HSBC has paid about £3.8bn to date while PPI has cost Yorkshire/Clydesdale Bank a total of £2.6bn.

BankCost so far
Lloyds£20.1bn
Barclays£9.7bn
RBS£5.3bn
HSBC£3.8bn
Yorkshire/Clydesdale£2.6bn
Bank of America (MBNA)£1.8bn
Santander£1.6bn
Citibank (Egg)£0.8bn
Northern Rock / UKAR£0.6bn
Co-operative bank£0.5bn
Other£1.5bn
Total~£48bn

But according to New City Agenda, this is only about half of the amount actually owed to consumers as major banks have only made contact or received complaints from around half of the consumers they had sold PPI to since 2000.

Payment protection insurance, which was missold to thousands of consumers from as early as the 1980s, was sold alongside finance agreements which insured payments were made if the borrower was unable to make them due to sickness or unemployment.

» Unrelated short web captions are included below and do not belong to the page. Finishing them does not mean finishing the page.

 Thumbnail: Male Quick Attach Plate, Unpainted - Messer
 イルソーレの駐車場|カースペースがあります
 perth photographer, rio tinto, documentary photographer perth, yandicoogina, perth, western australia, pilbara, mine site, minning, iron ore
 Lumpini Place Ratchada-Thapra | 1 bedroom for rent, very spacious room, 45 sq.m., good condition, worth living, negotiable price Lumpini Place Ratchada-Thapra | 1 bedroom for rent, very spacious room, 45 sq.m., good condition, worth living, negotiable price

The full extent of the misselling of PPI was exposed in 2005/06 when the Financial Services Authority — now the FCA — started fining banks over the sale of such protection.

It has since emerged that the misselling was fuelled by staff incentive schemes and a sales culture which led to bank staff being put under heavy pressure to sell PPI and some senior bonuses depending on sales rates.

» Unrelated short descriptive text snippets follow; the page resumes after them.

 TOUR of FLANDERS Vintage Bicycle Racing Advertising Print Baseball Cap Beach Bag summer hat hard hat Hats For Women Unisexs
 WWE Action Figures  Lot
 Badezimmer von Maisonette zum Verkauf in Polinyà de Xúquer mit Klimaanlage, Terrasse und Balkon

The FSA estimated that £44bn of PPI premiums was sold by banks between 1996 and 2012 alone, with profits of at least £21bn.

According to the FCA, banks have upheld around 71 per cent of complaints made about PPI misselling, but the figure rises to 80-90 per cent when including complaints about the bank failing to disclose excessive commissions for selling PPI.

The deadline set by the Financial Conduct Authority for consumers to complain to their bank or lender about missold PPI falls next week (August 29), but those that are rejected could still be heard by the Financial Ombudsman Service for six months after that date.

As of May 2019, FCA data showed banks had paid £35.7bn in PPI compensation, the total gradually falling from 2012 but peaking in 2018 as the deadline approached.

The figures for 2019 are expected to increase once more with last minute complaints.

 

PPI was profitable for banks because the level of claims paid out was low, according to New City Agenda.

The group told FTAdviser that just 16 per cent of the money collected by PPI premiums was paid out in claims between 2002 and 2006, which meant PPI sales represented a significant percentage of retail banking profits in the years in which it was sold.